Winner of the Sanford J Larson Award, Nathan Xie, presented his research, “Use of artificial intelligence to improve surgical referrals in degenerative lumbar spine conditions”, during the 2019 American Association of Neurological Surgeons Annual Scientific Meeting (AANS; 13–17 April, San Diego, USA).
Most referrals to spine surgeons for degenerative lumbar spinal conditions, such as low back pain, do not actually result in surgery. This means that the majority of referred patients may not necessarily require a spine surgery consult. Low surgical conversion rates are an issue in various countries around the world and have contributed to long waitlists to see spine surgeons, which are amongst the longest of all specialties. To illustrate this, two centres in Melbourne, Australia, reported wait times of over 1,200 days for the first consultation, with centres in Sydney not far behind. A possible strategy would be to evaluate referrals from primary care sources based on the likeliness that the patient will proceed to surgery and redirect those unlikely to proceed to non-operative treatment, allowing them to pursue alternative management strategies earlier and reducing waitlists as a result.

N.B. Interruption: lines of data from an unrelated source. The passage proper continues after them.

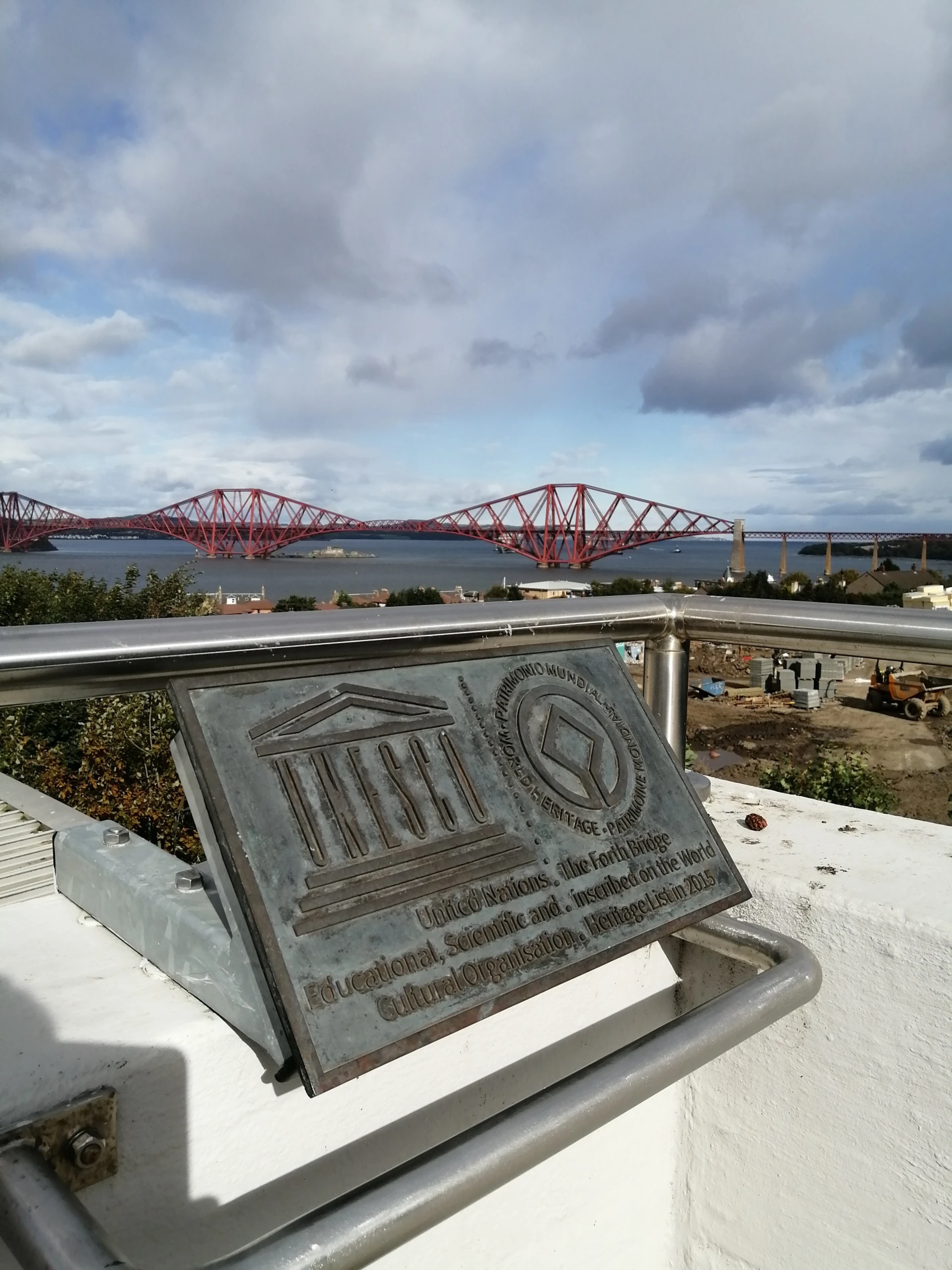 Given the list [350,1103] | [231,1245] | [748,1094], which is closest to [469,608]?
[350,1103]

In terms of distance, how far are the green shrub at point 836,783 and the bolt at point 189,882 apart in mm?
5468

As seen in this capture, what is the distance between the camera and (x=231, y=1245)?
965mm

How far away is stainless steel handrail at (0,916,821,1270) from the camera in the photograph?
65 cm

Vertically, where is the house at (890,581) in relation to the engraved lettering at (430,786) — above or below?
below

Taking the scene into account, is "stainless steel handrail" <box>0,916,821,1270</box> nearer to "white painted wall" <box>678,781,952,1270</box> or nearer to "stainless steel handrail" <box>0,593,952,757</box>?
"white painted wall" <box>678,781,952,1270</box>

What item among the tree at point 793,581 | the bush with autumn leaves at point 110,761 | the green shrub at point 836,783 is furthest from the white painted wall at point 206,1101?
the tree at point 793,581

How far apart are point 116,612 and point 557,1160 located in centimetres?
675

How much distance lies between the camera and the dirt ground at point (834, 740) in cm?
1530

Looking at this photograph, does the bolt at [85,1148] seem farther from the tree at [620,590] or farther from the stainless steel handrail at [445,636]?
the tree at [620,590]

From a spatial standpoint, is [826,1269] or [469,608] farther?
[826,1269]

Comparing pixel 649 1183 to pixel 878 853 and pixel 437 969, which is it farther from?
pixel 437 969

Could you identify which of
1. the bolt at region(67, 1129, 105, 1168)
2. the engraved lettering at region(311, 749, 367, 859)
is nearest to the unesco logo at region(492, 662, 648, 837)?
the engraved lettering at region(311, 749, 367, 859)

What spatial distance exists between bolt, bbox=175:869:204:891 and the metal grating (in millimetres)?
A: 307

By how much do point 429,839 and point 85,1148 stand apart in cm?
45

A novel way of achieving this would be through modelling surgeon decision-making using machine learning models (a branch of artificial intelligence). Researchers therefore aimed to identify factors that spine surgeons consider important for surgical decision-making and use these to develop an Artificial Neural Network (a machine-learning model developed that emulates the structure and interaction of biological neurons) able to calculate the probability that a patient would receive surgery at a given centre.
Fifty-five factors in the literature associated with surgical progression or outcome were identified. These factors were then collected through reviewing medical records of all patients presenting with an elective lumbar spine complaint between 2013 and 2018 at a single Australian Tertiary Hospital. The outcome variable was whether or not the patient proceeded or had been waitlisted for a surgical procedure. Using these data, an Artificial Neural Network with a back-propagation learning method was constructed, able to predict the likelihood of progression to spinal surgery. To compare it with a more traditional statistical model, a Logistic Regression (LR) model was created from the same data.
Ultimately both the neural network and regression models predicted surgical progression with a high degree of accuracy, although the neural network was superior in this regard. This demonstrates that the operating patterns of single centres can be accurately modelled, potentially allowing for more appropriate and tailored referrals. This, in turn, can help to reduce waitlists and increase surgical conversion rates. Further research is warranted in order to explore the role of such technology in the current system and its potential impacts.